-- Available records follows --

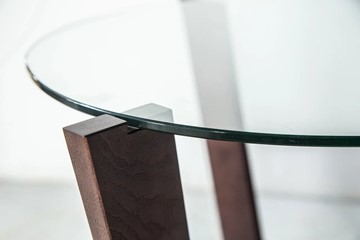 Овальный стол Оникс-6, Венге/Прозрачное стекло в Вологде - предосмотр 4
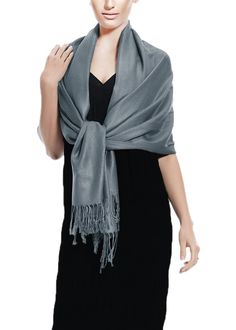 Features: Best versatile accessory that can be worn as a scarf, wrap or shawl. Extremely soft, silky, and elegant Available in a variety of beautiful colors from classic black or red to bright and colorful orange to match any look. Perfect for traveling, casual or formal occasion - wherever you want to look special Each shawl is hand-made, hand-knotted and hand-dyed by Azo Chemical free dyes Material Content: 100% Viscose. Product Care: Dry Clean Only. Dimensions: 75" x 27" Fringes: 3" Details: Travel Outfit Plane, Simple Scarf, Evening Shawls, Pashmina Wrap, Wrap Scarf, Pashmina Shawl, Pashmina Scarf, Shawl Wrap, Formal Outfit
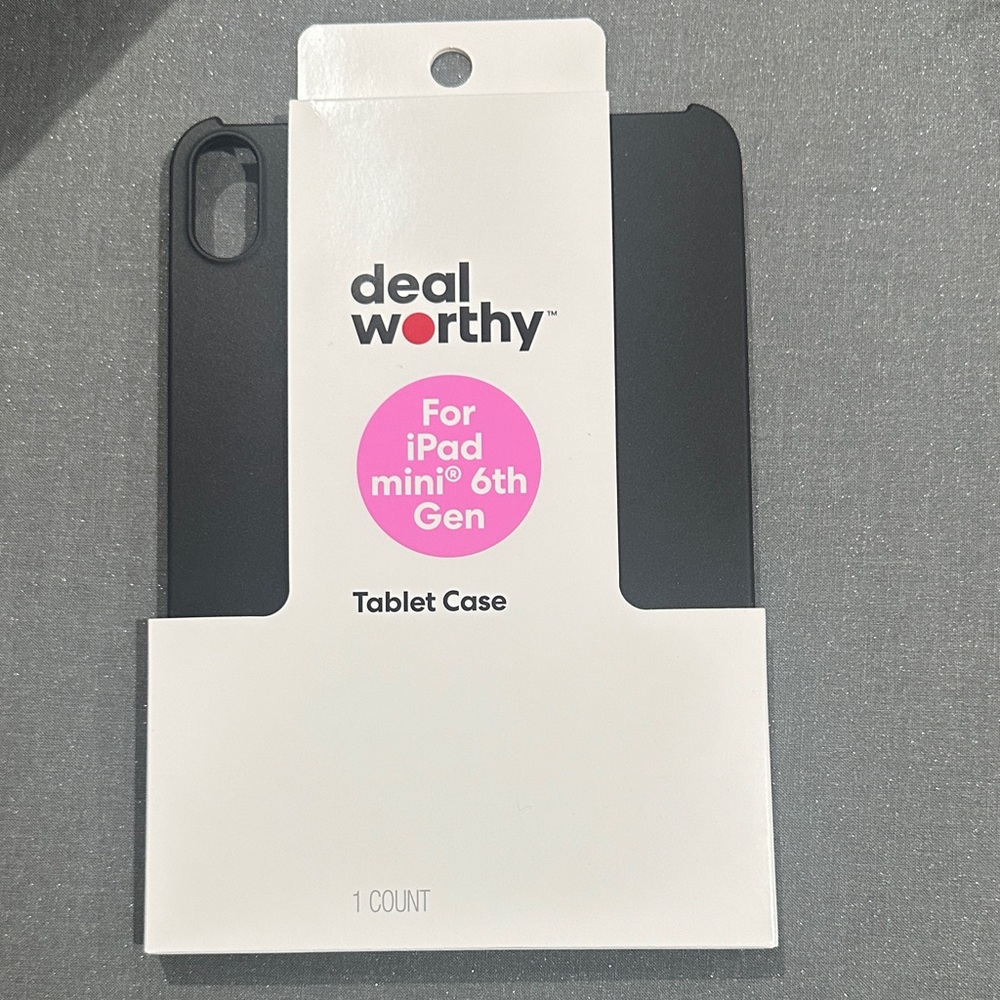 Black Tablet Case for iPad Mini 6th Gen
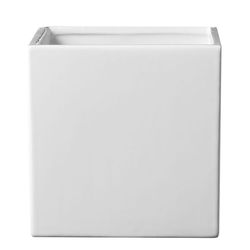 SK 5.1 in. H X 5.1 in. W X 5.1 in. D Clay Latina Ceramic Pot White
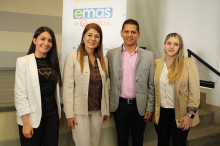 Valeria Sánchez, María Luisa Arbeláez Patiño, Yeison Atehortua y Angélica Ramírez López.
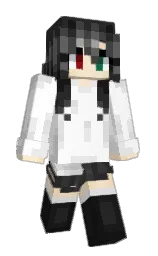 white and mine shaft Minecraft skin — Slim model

-- Available records concluded --
-- Available records follows --

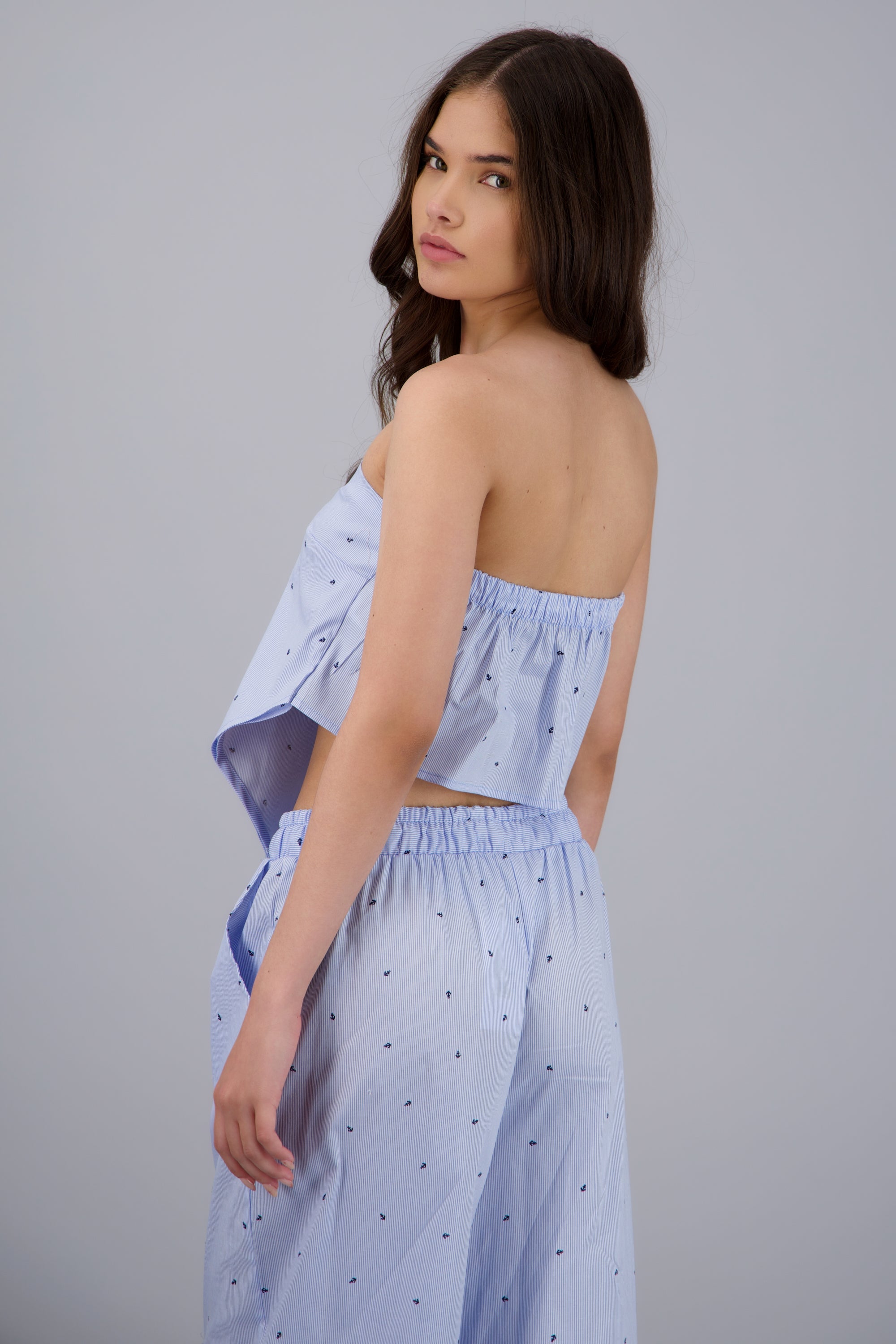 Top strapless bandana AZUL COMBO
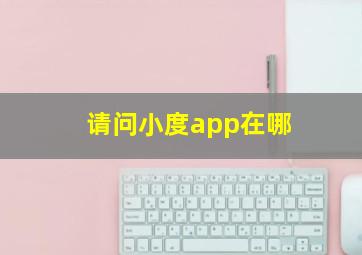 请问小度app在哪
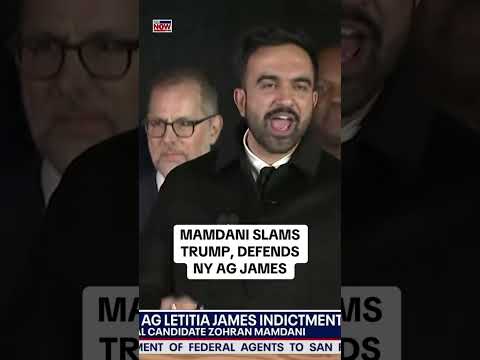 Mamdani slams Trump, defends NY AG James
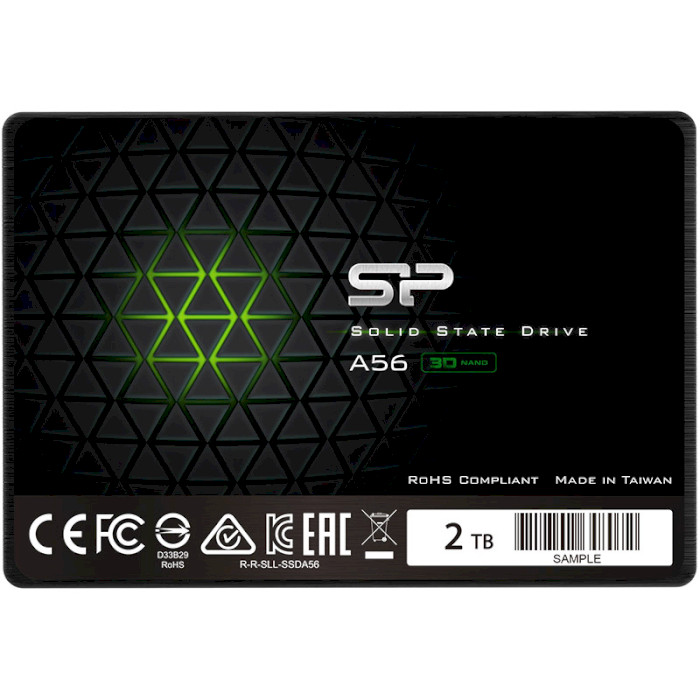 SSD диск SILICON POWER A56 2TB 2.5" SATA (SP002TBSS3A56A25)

-- Available records concluded --
-- Available records follows --

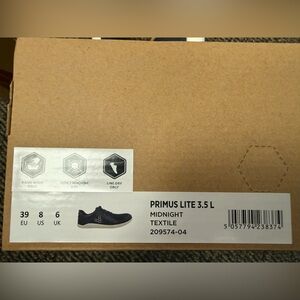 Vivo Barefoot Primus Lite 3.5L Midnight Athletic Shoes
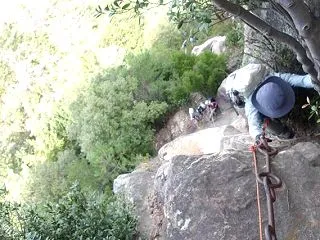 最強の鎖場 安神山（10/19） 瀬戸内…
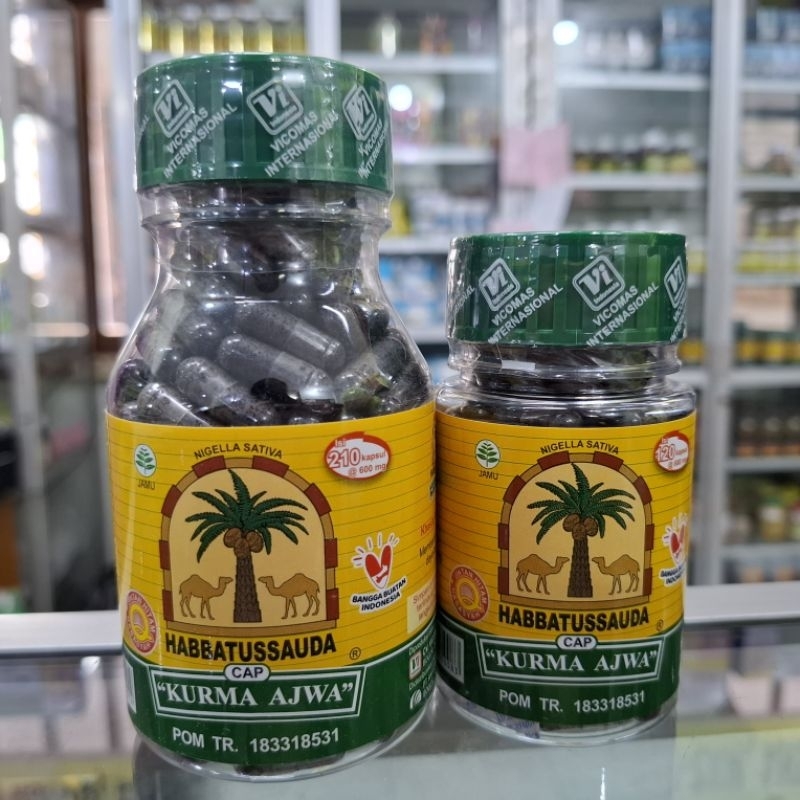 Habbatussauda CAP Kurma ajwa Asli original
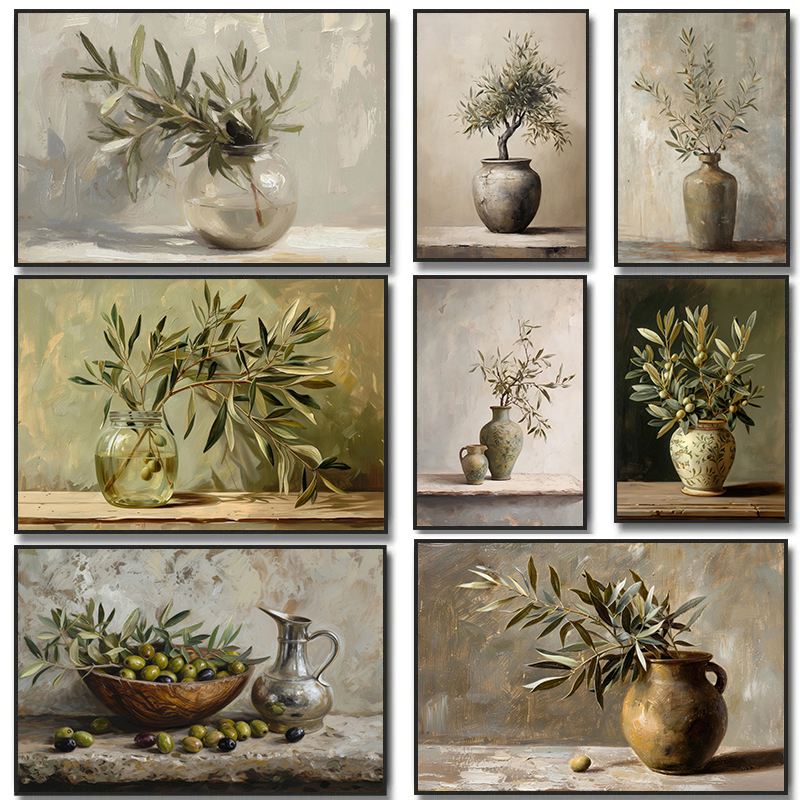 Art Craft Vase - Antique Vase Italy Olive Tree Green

-- Available records concluded --

## Directions:
Starting at the line with "Vivo Barefoot Primus" in the entries above, write out every line exactly until the line with "Art Craft Vase" has been written. Include no pictures and nothing more.

## Result for this task:
 Vivo Barefoot Primus Lite 3.5L Midnight Athletic Shoes
 最強の鎖場 安神山（10/19） 瀬戸内…
 Habbatussauda CAP Kurma ajwa Asli original
 Art Craft Vase - Antique Vase Italy Olive Tree Green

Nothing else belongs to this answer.